Текст книги "Метод супружества (ЛП)"
Автор книги: Энн Малком
сообщить о нарушении
Текущая страница: 7 (всего у книги 20 страниц)
Конечно же, будут последствия.
Потому что, хоть Кип никогда не говорил этого вслух, я тоже взрывная женщина.
Глава 9
«Две полоски»
Я была уверена, что подготовилась ко всему, что может произойти в этом браке. Ну, была не совсем готова к сексу. Но я не бестолковая. Несмотря на ложь самой себе, маленькая часть меня ожидала, что это произойдет.
Конечно, с того момента, как мы познакомились, он меня раздражал. Его дерзость и общий настрой выводили из себя. Но я все равно хотела трахнуть его, даже когда яростно презирала.
Да, я в полной заднице. Со всеми бывает.
Так что секс был не совсем исключен.
Он готовит для меня. Приносит кофе в постель каждое утро. Знает, какая марка чипсов мне нравится, и запасся ими в кладовой. Он почти… милый. Но я недолго размышляю над этим. Это слишком грязно. Слишком опасно.
Есть одна вещь, о которой я не думала. Даже в своих самых смелых мечтах.
Две полоски.
Первый месяц я не позволяла себе в это поверить.
На самом деле, первый месяц я даже притворялась, что это не правда.
Не думала, что способна на такое. Но оказалось, что страх, отрицание и небольшая доля посттравматического стрессового расстройства создают идеальную среду для самообмана.
К тому же ребенок не должен был прижиться.
Никогда.
Анализы это подтвердят.
Лучше просто подождать, пока природа возьмет свое. Я не удивлюсь, если так и будет. Что еще более важно, я не буду опустошена, когда это произойдет.
Каждый раз, когда я шла в ванную, готовилась к крови. Каждое утро, просыпаясь, готовилась к предательским судорогам.
Черт, каждый раз, когда мы с Кипом занимались сексом – а это было часто, – я почти ожидала, что матрас намокнет. В идеале мне нельзя заниматься сексом.
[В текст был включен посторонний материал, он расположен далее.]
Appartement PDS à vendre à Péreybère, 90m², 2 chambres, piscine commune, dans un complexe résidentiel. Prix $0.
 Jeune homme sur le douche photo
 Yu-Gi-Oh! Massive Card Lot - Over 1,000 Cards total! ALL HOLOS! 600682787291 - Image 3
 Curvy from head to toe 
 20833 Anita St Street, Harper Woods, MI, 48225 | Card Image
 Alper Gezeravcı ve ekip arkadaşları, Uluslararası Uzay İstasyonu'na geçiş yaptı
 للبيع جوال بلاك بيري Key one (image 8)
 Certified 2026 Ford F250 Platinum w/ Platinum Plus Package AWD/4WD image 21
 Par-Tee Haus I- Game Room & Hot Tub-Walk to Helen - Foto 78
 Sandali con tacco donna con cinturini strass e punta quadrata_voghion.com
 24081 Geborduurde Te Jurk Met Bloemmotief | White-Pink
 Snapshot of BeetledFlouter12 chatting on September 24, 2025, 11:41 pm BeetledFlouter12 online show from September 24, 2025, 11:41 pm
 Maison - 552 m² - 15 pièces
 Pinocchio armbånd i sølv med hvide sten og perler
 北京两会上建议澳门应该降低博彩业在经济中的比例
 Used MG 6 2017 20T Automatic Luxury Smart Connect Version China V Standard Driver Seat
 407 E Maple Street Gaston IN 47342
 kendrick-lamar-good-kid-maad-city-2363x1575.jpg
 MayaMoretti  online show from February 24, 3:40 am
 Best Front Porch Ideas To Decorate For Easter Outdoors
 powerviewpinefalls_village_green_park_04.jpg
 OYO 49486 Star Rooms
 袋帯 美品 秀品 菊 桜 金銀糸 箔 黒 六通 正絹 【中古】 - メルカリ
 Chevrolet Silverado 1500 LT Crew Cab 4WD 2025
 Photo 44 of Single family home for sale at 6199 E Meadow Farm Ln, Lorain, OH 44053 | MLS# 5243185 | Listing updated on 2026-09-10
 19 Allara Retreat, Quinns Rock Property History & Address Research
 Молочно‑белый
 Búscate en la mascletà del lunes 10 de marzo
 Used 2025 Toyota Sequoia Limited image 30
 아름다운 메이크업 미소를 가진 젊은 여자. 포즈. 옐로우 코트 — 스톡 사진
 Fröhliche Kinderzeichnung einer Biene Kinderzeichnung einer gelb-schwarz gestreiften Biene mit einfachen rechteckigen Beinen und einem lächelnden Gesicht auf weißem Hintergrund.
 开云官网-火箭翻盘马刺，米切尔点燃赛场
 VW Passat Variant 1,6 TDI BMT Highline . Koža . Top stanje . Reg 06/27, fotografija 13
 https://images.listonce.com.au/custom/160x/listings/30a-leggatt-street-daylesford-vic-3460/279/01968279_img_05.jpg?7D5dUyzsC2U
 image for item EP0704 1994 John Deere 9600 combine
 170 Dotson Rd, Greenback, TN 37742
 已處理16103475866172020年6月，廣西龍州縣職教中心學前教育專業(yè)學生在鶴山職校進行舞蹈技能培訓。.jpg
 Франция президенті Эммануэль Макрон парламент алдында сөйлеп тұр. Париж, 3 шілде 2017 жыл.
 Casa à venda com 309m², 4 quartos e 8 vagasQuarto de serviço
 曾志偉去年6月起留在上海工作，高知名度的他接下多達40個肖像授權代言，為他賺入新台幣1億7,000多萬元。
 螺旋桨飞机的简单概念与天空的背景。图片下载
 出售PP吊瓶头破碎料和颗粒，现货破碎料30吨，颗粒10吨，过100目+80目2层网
Это безответственно, и, если бы я испачкала матрас кровью, скорее всего, любое влечение между нами бы сразу погасло.
«Ты довел меня до выкидыша».
Да, так и было в тот раз.
Я даже не должна хотеть секса из-за того, что со мной произошло. Я не позволяла ему12 прикасаться ко мне, из-за чего он приходил в ярость. У меня абсолютно не было желания заниматься сексом, я не хотела, чтобы меня трогали.
С Кипом все по-другому. Я не контролирую желание. В ту секунду, когда наши глаза встречаются, а губы соприкасаются, все остальное исчезает. Это был единственный раз, когда мне удалось сбежать от своего тела.
Достаточно сказать, что у нас много секса.
Но я была… отстраненной. В своей голове. На взводе. Пугливой. Кип заметил это, но ничего не сказал. Зачем ему это? Возможно, на бумаге мы и женаты, но на самом деле мы приятели по перепихону.
Ни больше. Ни меньше.
Моя лучшая подруга, с другой стороны, заметила.
К счастью для меня, у нее недавно родился ребенок, так что она немного занята. Не странно то, что я не напиваюсь вином у нее дома каждый вечер, потому что у нее новорожденный. И потому что у меня есть муж, с которым мне, очевидно, нужно проводить время, чтобы сделать наш брак правдоподобным. Отсюда и месячный льготный период.
Но теперь она выбралась из своего тумана.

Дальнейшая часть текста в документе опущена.